Après avoir été débarqué par LREM le 31 juillet à la suite du scandale, Vincent Crase décroche un emploi via une société privée de sécurité, Velours, pour laquelle a déjà travaillé Alexandre Benalla il y a quelques années. Vincent Crase signe un contrat de l'ordre de "294 000 euros", selon lui, pour assurer la sécurité d'Iskander Makhmudov.

Cet oligarque russe a été régulièrement décrit comme un "proche de Poutine", ce que conteste Vincent Crase auprès de Paris-Normandie. Son contrat, explique-t-il, "prévoyait d'assurer la sécurité et l'accompagnement des enfants de ce monsieur, scolarisés à Monaco, ainsi que la sécurité et l'accompagnement de M. Makhmudov – que je n'ai jamais rencontré et donc, a fortiori, Alexandre Benalla non plus – lorsqu'il viendrait en France. Chose qu'il n'a jamais faite durant les trois mois de ce contrat."

Sur son séjour en prison : "C'est un autre monde"

Alexandre Benalla et Vincent Crase ont été placés en détention provisoire pendant une semaine pour violation de leur contrôle judiciaire en février. Un séjour en prison consécutif à la diffusion d'enregistrements dévoilés par Mediapart où l'on peut entendre les deux hommes discuter de l'affaire, alors que leur contrôle judiciaire le leur interdit. Le 19 février, le premier est incarcéré à la prison de la Santé à Paris quand Vincent Crase rejoint le centre pénitentiaire de Bois-d'Arcy (Yvelines) pendant la nuit.
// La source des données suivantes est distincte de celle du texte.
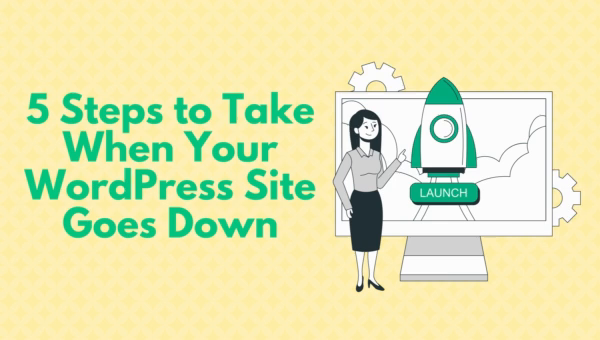 5 Steps to Take When Your WordPress Site Goes Down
Un court séjour sur lequel revient l'ex-responsable de la sécurité de LREM. "C'est un autre monde. J'avais fait des transfèrements judiciaires en tant que gendarme. Et là, je passe de l'autre côté du miroir", raconte Vincent Crase à Paris-Normandie. "La semaine qu'a duré mon incarcération s'est passée aussi bien que cela pouvait se passer. Je pouvais aller à la bibliothèque, au sport, à la douche tous les jours, télé dans la petite cellule, nourriture correcte... Je me disais que quatre mois, ça allait être très long surtout pour ma femme et mes enfants", poursuit le père de trois enfants.

Les avocats d'Alexandre Benalla et Vincent Crase déposent une demande de libération conditionnelle, une semaine plus tard. Le mardi 26 février, la chambre d'instruction valide la requête et décide de lever leur incarcération. "Quand j'ai appris que je sortais au bout d'une semaine, c'était la joie. Ce qui est fou, c'est que je l'ai appris par la télé", se rappelle Vincent Crase. Les deux hommes sont toujours placés sous contrôle judiciaire et ont interdiction de se parler.